Work task
From the entries below, print exactly the span beginning with the line holding "фото №7, Піддон" and ending with the line holding "Brahmin（ブラーミン）ロング・マキシ丈スカート 紺 サイズ:38(M位)", endpoints included, and skip any pictures.

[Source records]
[Start of section]
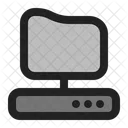 Folder Connection  Icon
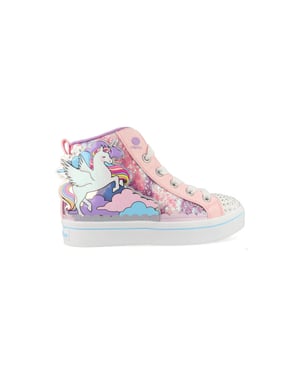 Skechers Twi-lites 2.0 enchanted unicorn 314399l/pkmt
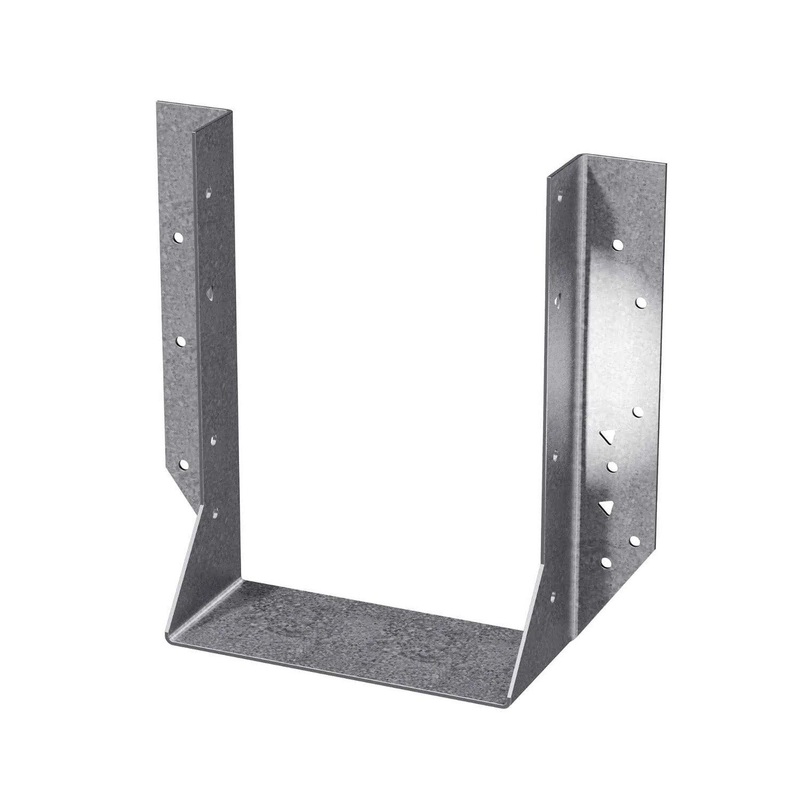 Simpson HU610 Strong-Tie Heavy-Duty Face-Mount Joist Hanger for 6×10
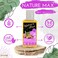 (1Pack = 1.7 oz / 50 ml) Nature Max Bitter Almond Oil Natural Undiluted Pure for Hair Skin Care Skincare Facial Body &amp; Cold Pressed Premium زيت اللوز المر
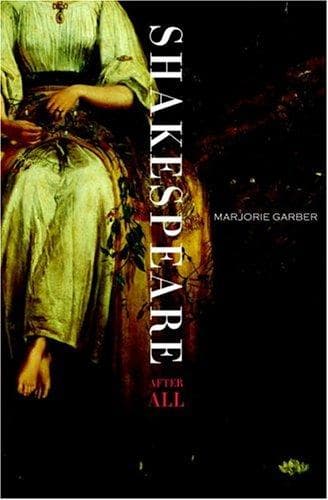 Portada de Shakespeare after all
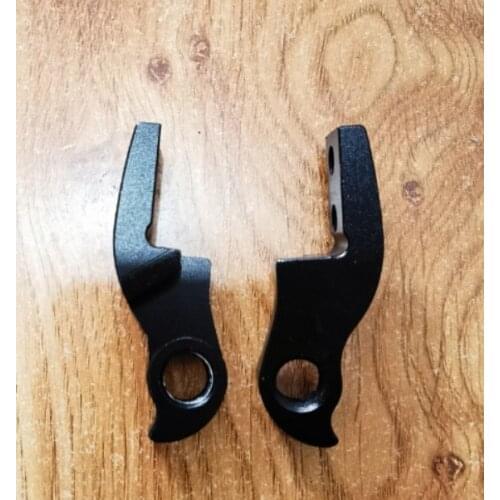 5pc CNC Bike rear gear mech derailleur hangers dropout For SANTA CRUZ Heckler, Chameleon, Juliana, Blur LT2 , Nomad 2 with screw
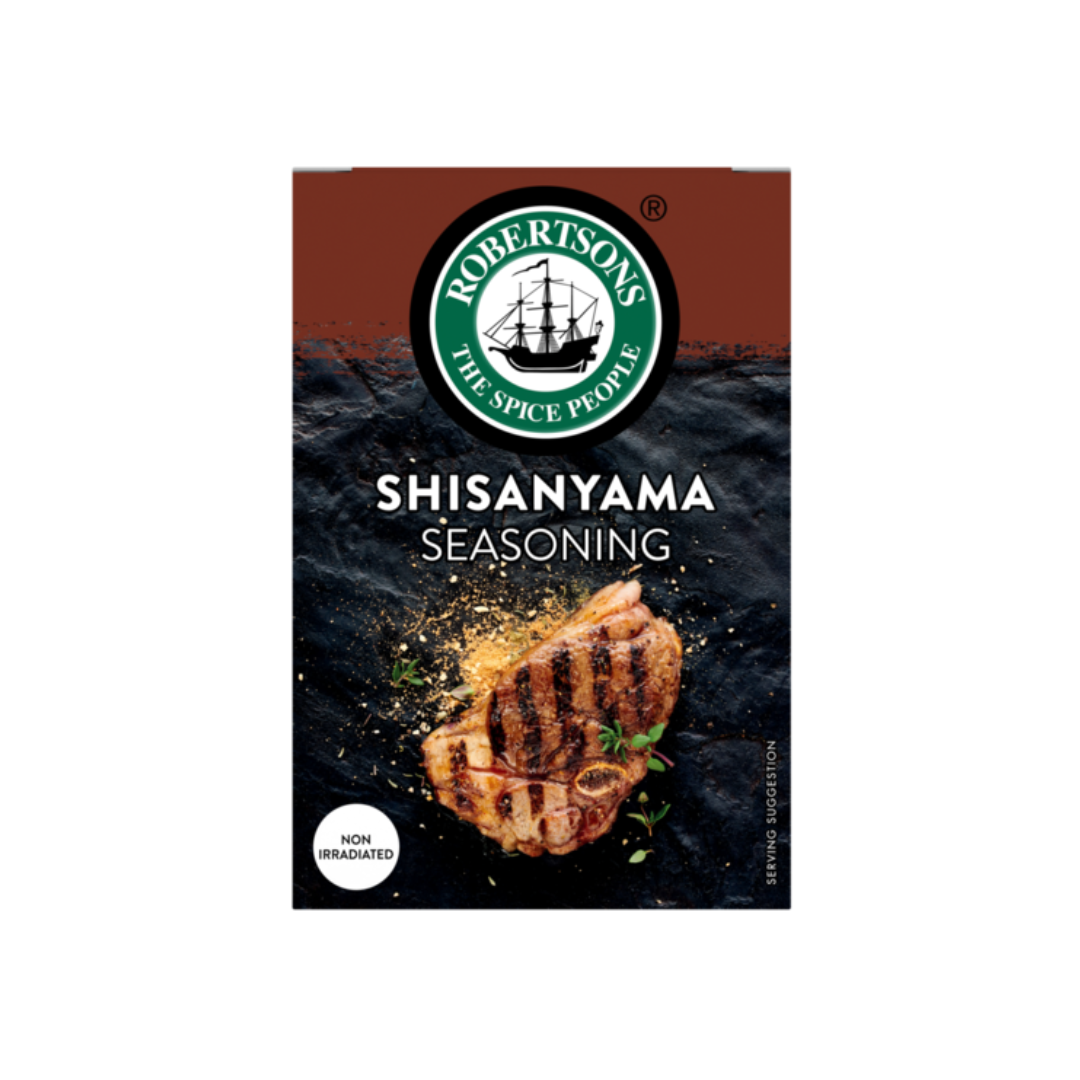 Robertsons Spice Refills - Blends - Shisanyama 80g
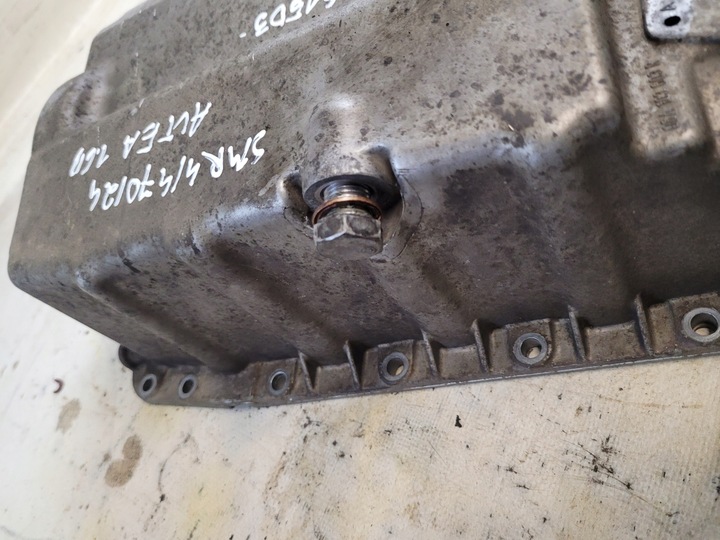 фото №7, Піддон піддон масляна оригінальний номер 06a103603r seat altea 1.6b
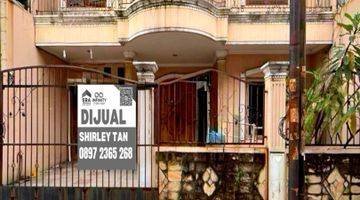 Gambar 1 Rumah 2 Lantai Semi Furnished Di Tanjung Duren, Grogol Petamburan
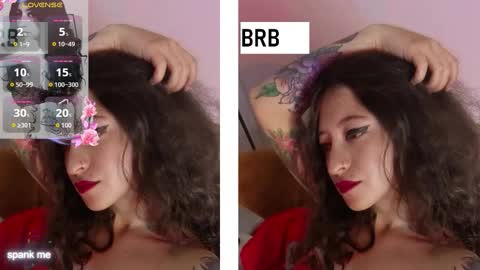 Snapshot of roshhell chatting on 11/21/25, 04:55 Rosh Hell online show from 11/21/25, 04:55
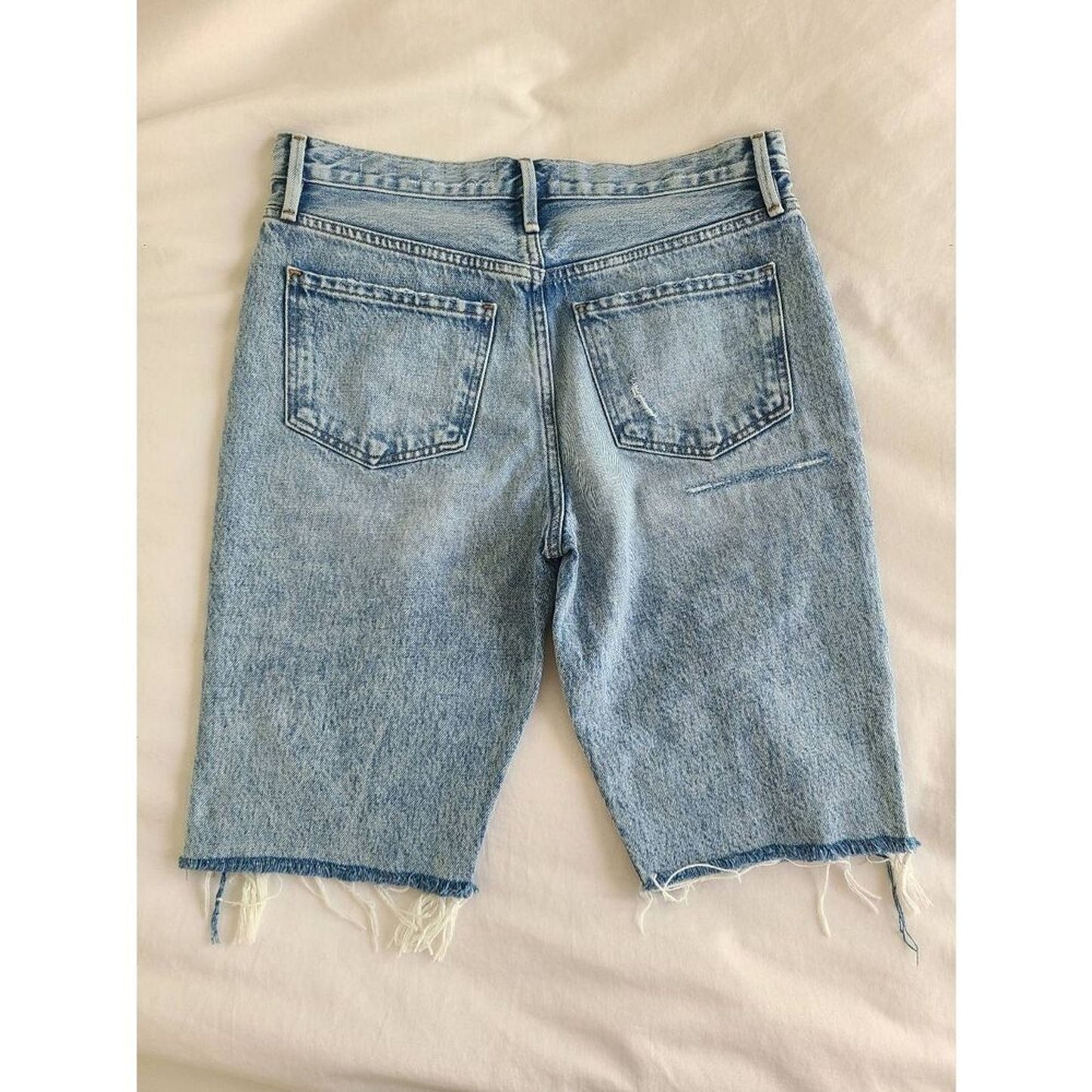 Frame Le Beau Bermuda Shorts Size 25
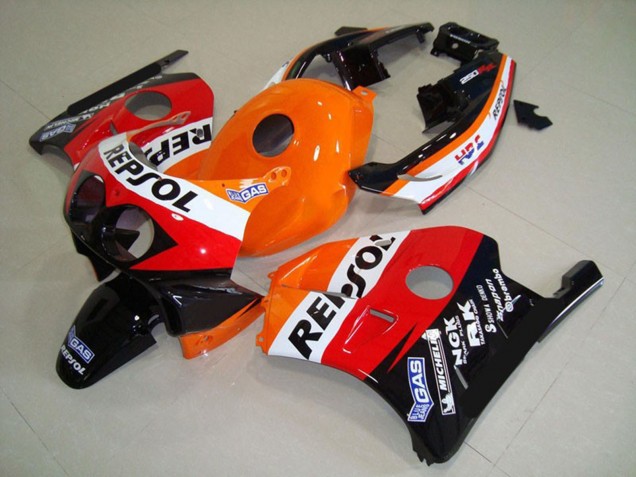Conception Classique Repsol 1990-1998 Honda CBR250RR Carénage Moto Conception Classique Repsol 1990-1998 Honda CBR250RR Carénage Moto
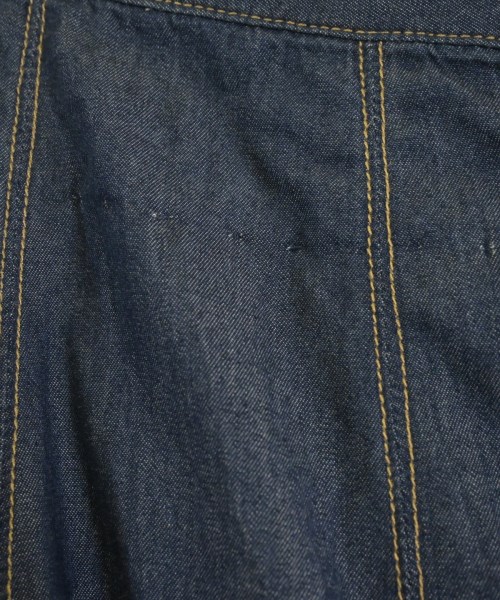 Brahmin（ブラーミン）ロング・マキシ丈スカート 紺 サイズ:38(M位) レディース/2200614513011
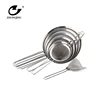 Kitchen Uses Premium Food Stainless Steel Fine Mesh Strainer With Handle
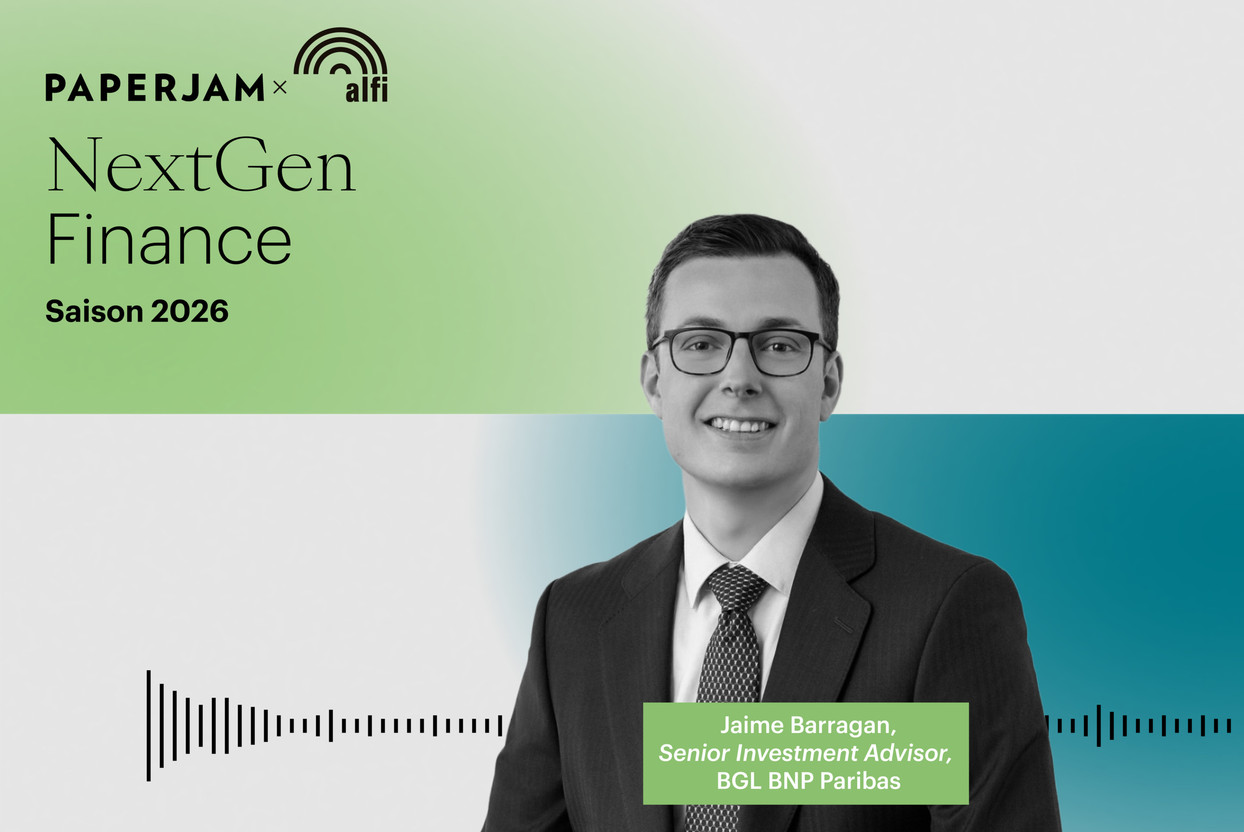 Jaime Barragan est senior investment advisor chez BGL BNP Paribas. (Photo: Paperjam)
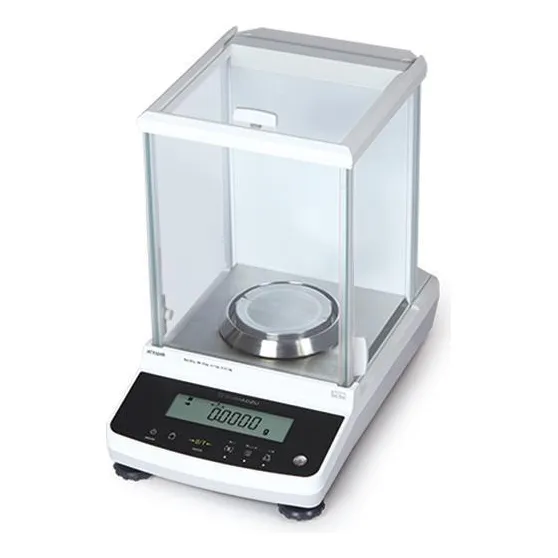 Balança Analitica Aty224r 220g X 0,0001g Marte/shimadzu Foto 1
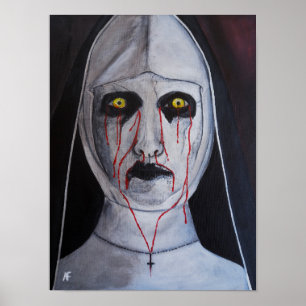 Schatten des Licht Gemäldes von Alfred Fox Poster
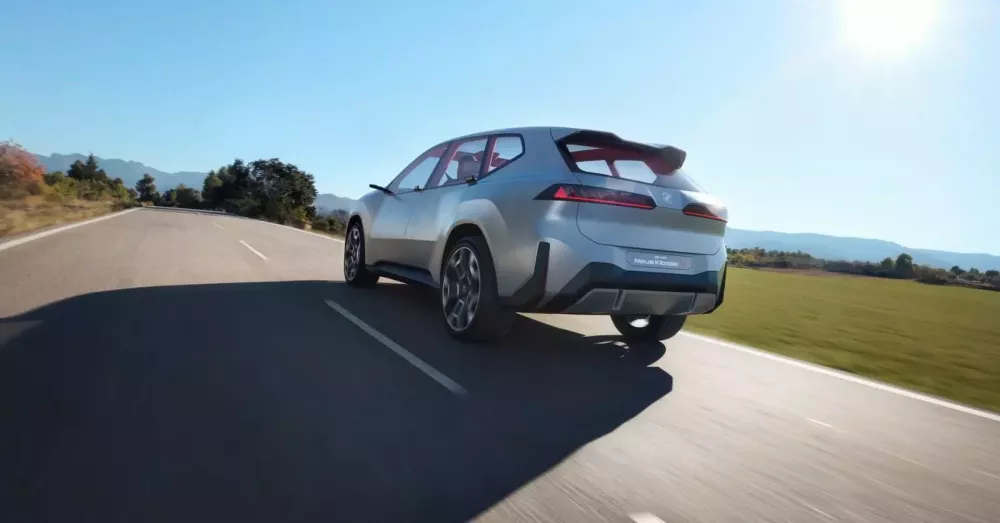 BMW sắp "lột xác" toàn bộ dòng xe với ngôn ngữ thiết kế mới, “mũi to” không còn là đặc trưng- Ảnh 2. BMW sắp "lột xác" toàn bộ dòng xe với ngôn ngữ thiết kế mới, “mũi to” không còn là đặc trưng- Ảnh 2.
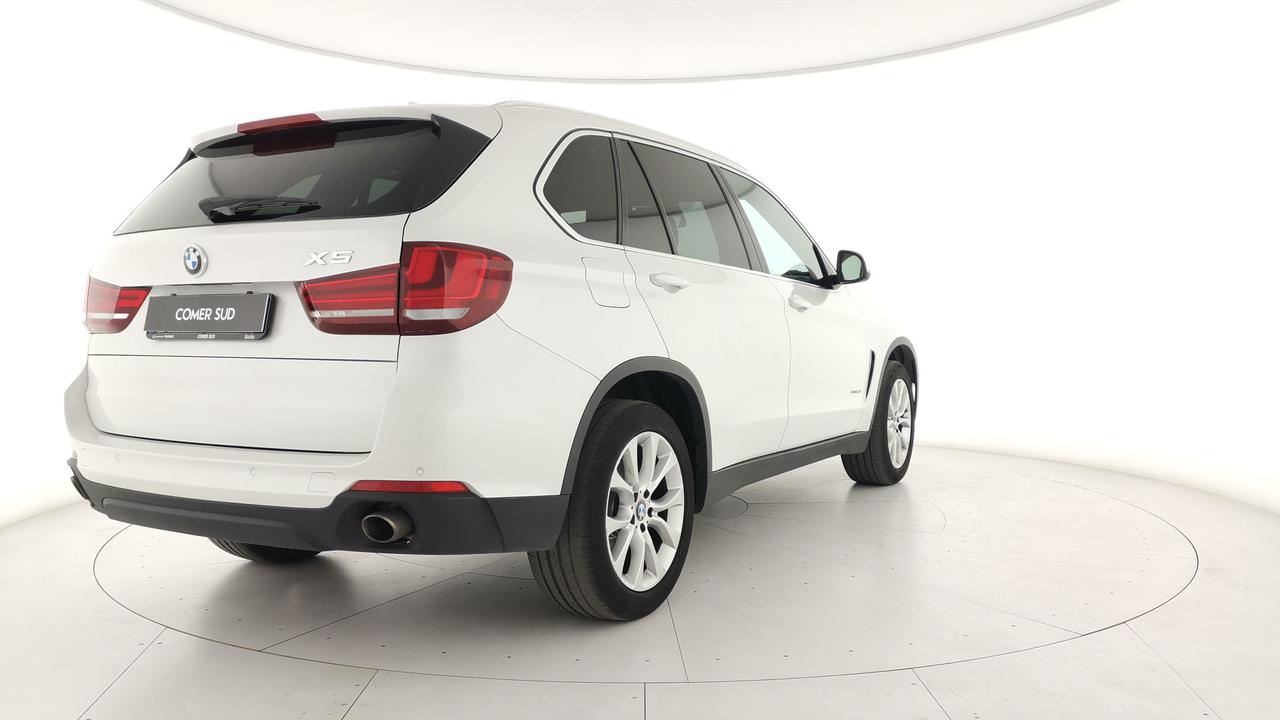 BMW X5 F/15-85 - X5 xdrive25d Business 231cv auto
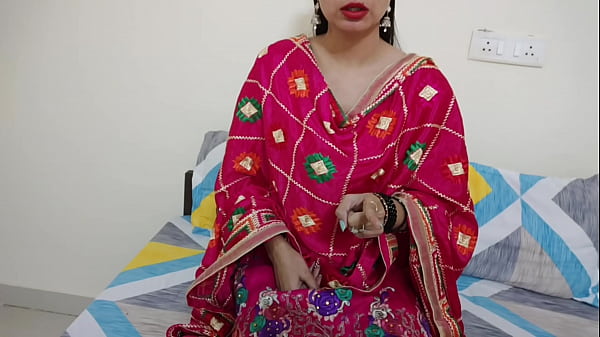 Sizzling Indian Stepmom Shows Off Her Big Tits and Drives Him Wild with Intense Sex Moves – Full Hindi Audio
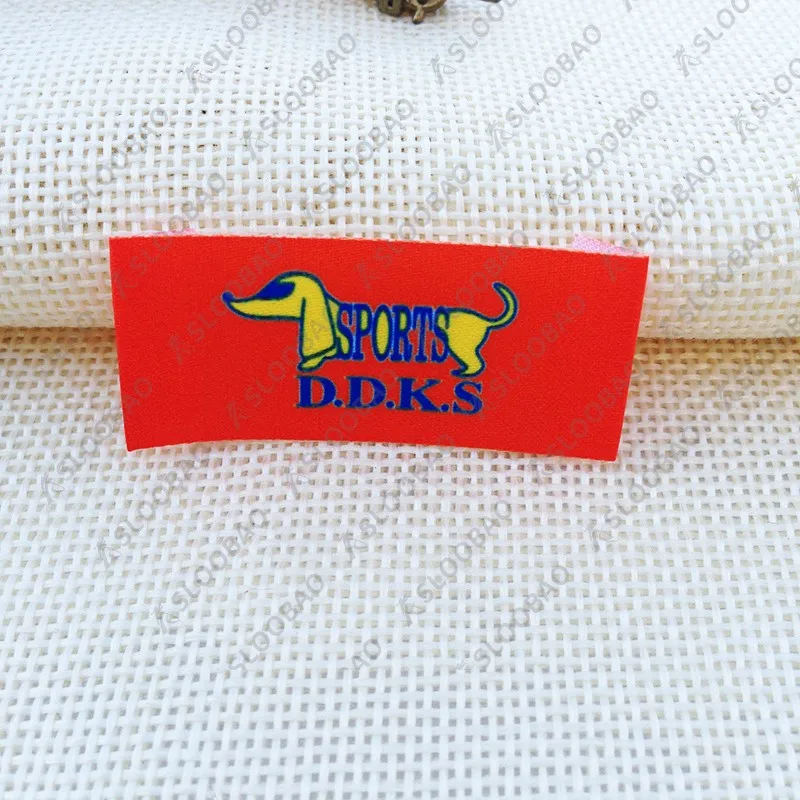 Digital printing digital brand woven labels custom clothing labels garment washing labels 1000pcs
Digital printing digital brand woven labels custom clothing labels garment washing labels 1000pcs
[End of section]
Solution to the exercise
 фото №7, Піддон піддон масляна оригінальний номер 06a103603r seat altea 1.6b
 Gambar 1 Rumah 2 Lantai Semi Furnished Di Tanjung Duren, Grogol Petamburan
 Snapshot of roshhell chatting on 11/21/25, 04:55 Rosh Hell online show from 11/21/25, 04:55
 Frame Le Beau Bermuda Shorts Size 25
Conception Classique Repsol 1990-1998 Honda CBR250RR Carénage Moto Conception Classique Repsol 1990-1998 Honda CBR250RR Carénage Moto
 Brahmin（ブラーミン）ロング・マキシ丈スカート 紺 サイズ:38(M位) レディース/2200614513011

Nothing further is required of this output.